FAIBLESSES ANTÉRIEURES AU "TSUNAMI"

     En France, la "prime à la casse" devrait permettre de... la limiter. "Avec la prime, la baisse du marché français devrait avoisiner les 5%. Sans la prime, elle aurait atteint les 15%", veut se rassurer M. Ghosn, trop optimiste selon certains. Pour palier le manque de sollicitude des banques, les constructeurs vont plaider pour l'octroi d'une quarantaine de milliards € de prêts auprès de l'Union européenne. Leur industrie sera-t-elle sauvée pour autant? Rien n'est moins sûr. Les constructeurs qui sortiront vivants de la crise ne seront pas ceux qui feront les meilleures voitures, mais, plus prosaïquement, ceux qui géreront au mieux le flux de trésorerie disponible.

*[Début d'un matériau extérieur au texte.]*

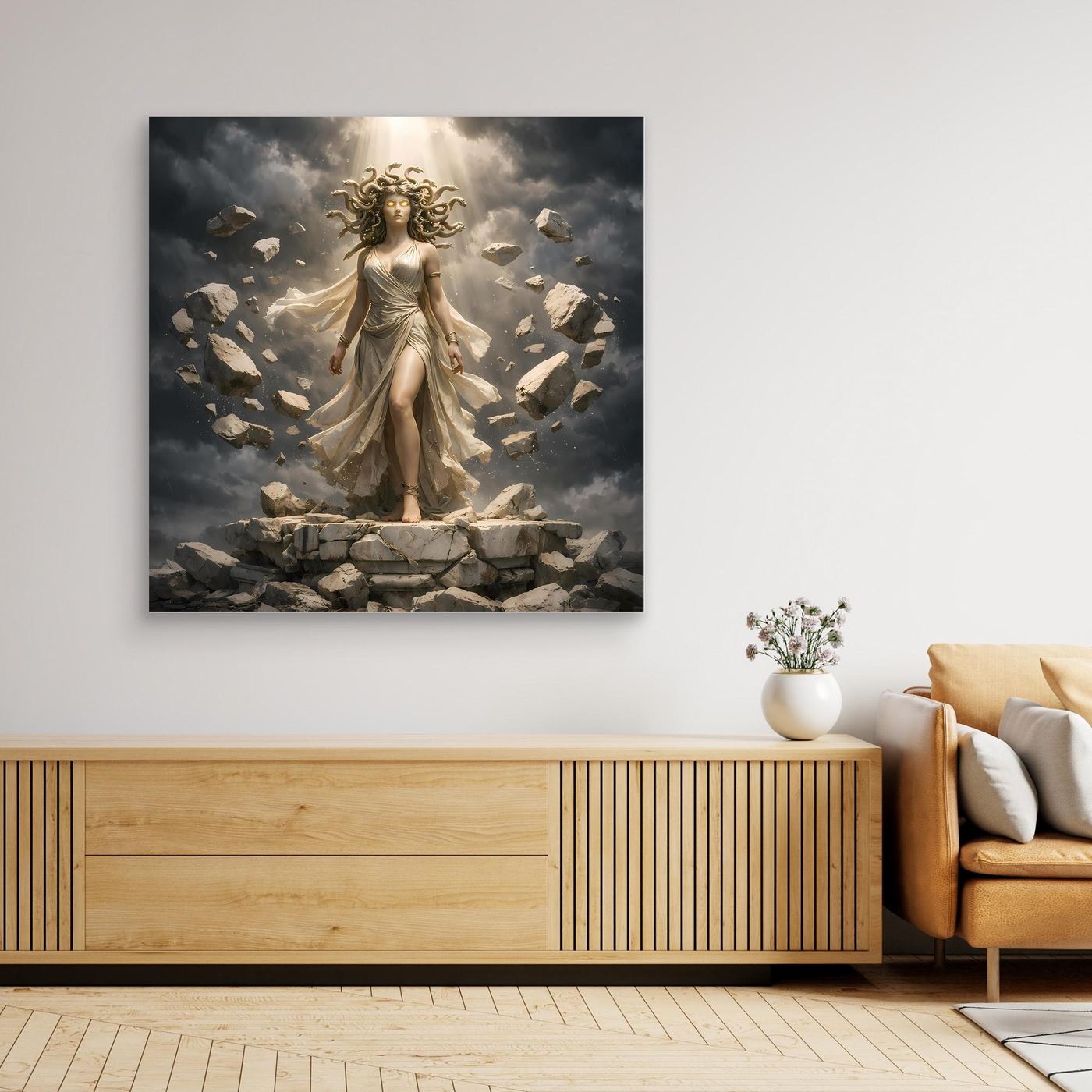 Premium Leinwand Medusa Gorgone Mythologie | Modernes Kunst Poster Fantasy Wandbild antik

     Ce qui éclate au grand jour, avec cette crise, c'est la fragilité d'un secteur considéré comme un des piliers des industries occidentales. En fait, le système n'a pas su regarder en face ses propres faiblesses, qui préexistaient au "tsunami" du crédit. Les constructeurs américains perdaient déjà de l'argent avant la crise; les Européens en gagnaient peu, et une bonne partie des profits des Japonais étaient artificiels. Toyota dispose bien de 25 milliards de trésorerie, mais qu'est-ce que cela pèse par rapport aux besoins d'une entreprise de 200 milliards de dollars de chiffre d'affaires? Quatre ou cinq mois de recul du marché américain au niveau de ceux du mois de novembre, et le trésor de guerre de Toyota aura vécu.

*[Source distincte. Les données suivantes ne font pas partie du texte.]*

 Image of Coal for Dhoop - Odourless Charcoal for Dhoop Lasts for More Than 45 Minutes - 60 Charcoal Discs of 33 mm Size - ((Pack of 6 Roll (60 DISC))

     On a coutume de dire que l'industrie automobile est un secteur cyclique, qui gagne bien sa vie en période d'expansion, ce qui compense les phases de récession. Mais on a tort de croire qu'on est en train de vivre une énième crise et que tout rentrera dans l'ordre une fois la bourrasque passée. La crise de surproduction éclate aujourd'hui comme une évidence. Ces dernières années, pour faire tourner les usines à tout prix, les constructeurs ont multiplié les ristournes aux clients ou les ventes non rentables aux sociétés de location.
     Pour compenser une rentabilité déclinante, on a demandé toujours plus à une filière de fournisseurs aujourd'hui exsangue, et une part substantielle de la production a été délocalisée. Pour quel résultat? La grande majorité des constructeurs gagne désormais davantage avec la revente de pièces détachées et le commerce de voitures d'occasion qu'avec les véhicules flambant neufs qui sortent des usines. La plupart d'entre eux perdront de l'argent en 2009.

     Tout indique que le système est à bout de souffle. Les survivants à la crise devront inventer un nouveau modèle économique. Et les voitures qui vont avec.